PROVIDED DATA |
BEGIN

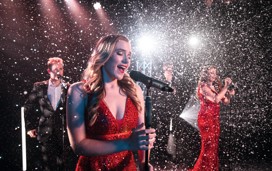 Haven's Production Cast are bringing the glitz and glamour to your festive break at Haven's Seahore in Norfolk.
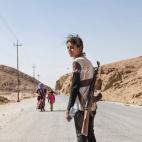 Una joven yazidí con un fusil de asalto para proteger a su familia contra ISIS. 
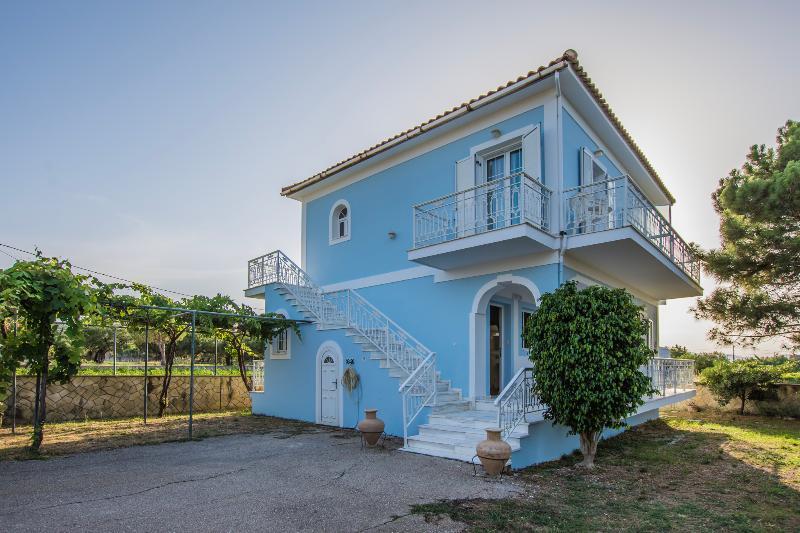 Porto Giardino Apartments Psarou  ภายนอก รูปภาพ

END

EXERCISE REQUIREMENTS |
The whole listing should be retyped word for word; none of its pictures belong in the copy.

ANSWER SPACE |
 Haven's Production Cast are bringing the glitz and glamour to your festive break at Haven's Seahore in Norfolk.
 Una joven yazidí con un fusil de asalto para proteger a su familia contra ISIS. 
 Porto Giardino Apartments Psarou  ภายนอก รูปภาพ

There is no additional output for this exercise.